Bill was born on March 28, 1941 in Philadelphia and received BS (Mechanical Engineering, 1963), MS (Physics, 1965), and PhD (Physics, 1967) degrees from MIT. He was hired in 1968 by the National Bureau of Standards (NBS), later renamed the National Institute of Standards and Technology (NIST), to provide theoretical support to experimentalists working in the then emerging field of surface science. These experimentalists were working in different parts of the NBS organization but had been holding weekly lunch meetings for four years to discuss new developments in surface science. Bill was not only an important bridge between different NBS groups but an innovator in his own realm.
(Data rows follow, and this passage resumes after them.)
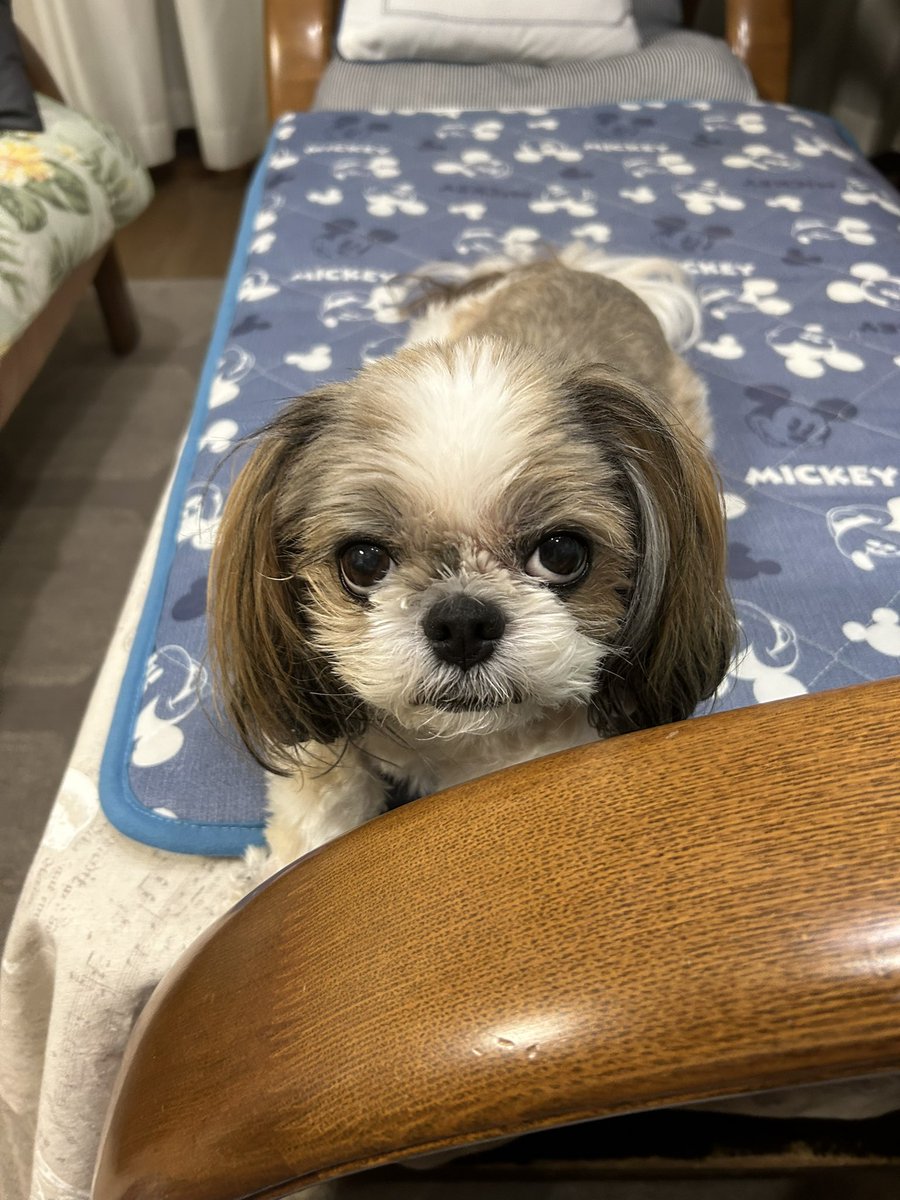 sk45th38's tweet photo. @inekaratukutta はじめまして🐶
誰もが怖気付くこの上目遣い、お納めください。 https://t.co/NgnLcO89Ij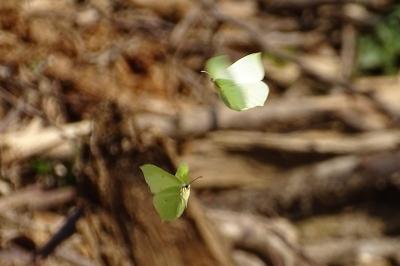 <i>Gonepteryx rhamni</i>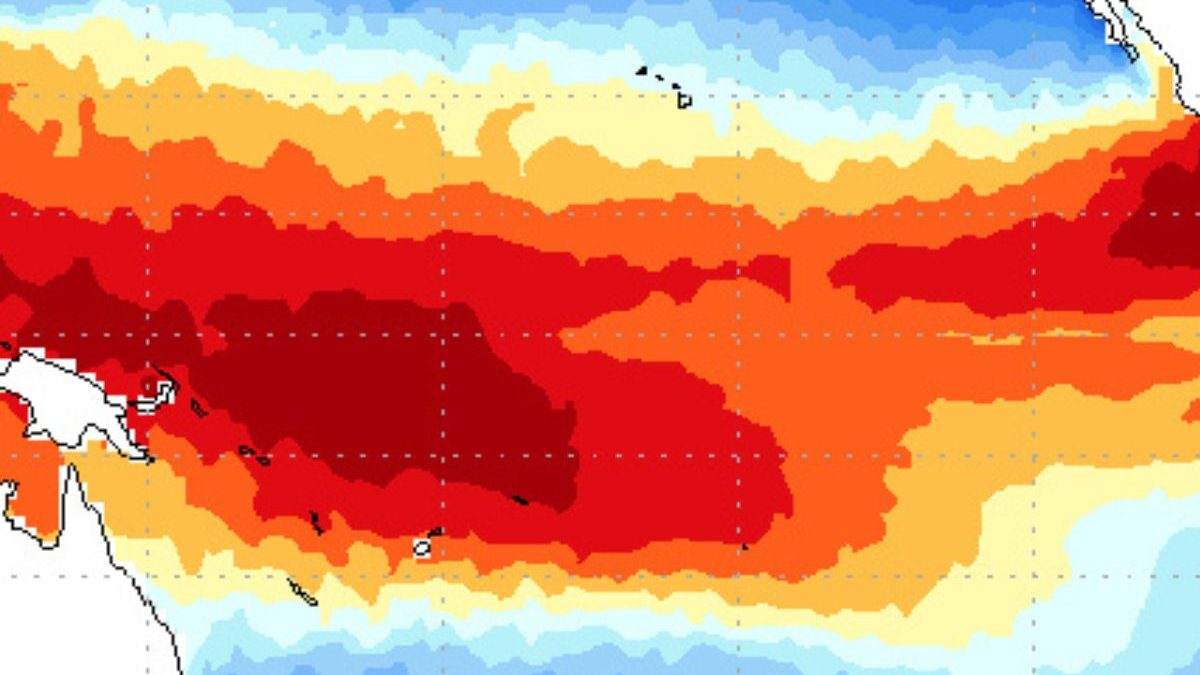 Dia dos Pais sem frio? El Niño pode ‘roubar’ o restante do inverno e manter temperaturas acima da média - QTU Questões do Universo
Soon after his arrival at NBS, Bill began a collaboration with Russell Young and Ward Plummer, an unusually talented postdoc working with Young, who had observed the spectroscopic signature of single adsorbed atoms in the energy distributions of field-emitted electrons from a metallic substrate. Until that time, experimentalists had only observed changes in average properties of a surface area as atoms or molecules were adsorbed. Bill developed the theory for the new Plummer–Young observations. In 1973, Bill and Ward published a comprehensive review of the experiments and theory for the Reviews of Modern Physics, which for both is still their most cited paper.

During the following decades, Bill developed theory for the many new techniques that were being developed to probe the properties of clean surfaces and of atoms and molecules adsorbed on those surfaces. The investigations included angle-resolved photoelectron spectroscopy, core-level photoelectron spectroscopy, vibrational spectroscopy, stimulated desorption of ions by electron or photon bombardment, electron energy-loss spectroscopy, dynamics and chaos in surface processes, surface interactions at sub-picosecond time scales (femtochemistry), and solid-state tunneling. Bill’s work was recognized by the US Department of Commerce Silver Medal, the Arthur S. Flemming Award (awarded each year to ten Federal employees under the age of 40), and the US Department of Commerce Gold Medal. Bill became a Fellow of the American Physical Society in 1981 and was named an outstanding referee of the Physical Review journals in 2008. In 1978, Bill was awarded a Guest Professorship by the Nordic Institute of Theoretical Atomic Physics in Copenhagen. That award enabled him to make several visits to the Chalmers University of Technology in Gothenburg for collaborative work. Bill retired in 2006 and became a NIST Scientist Emeritus.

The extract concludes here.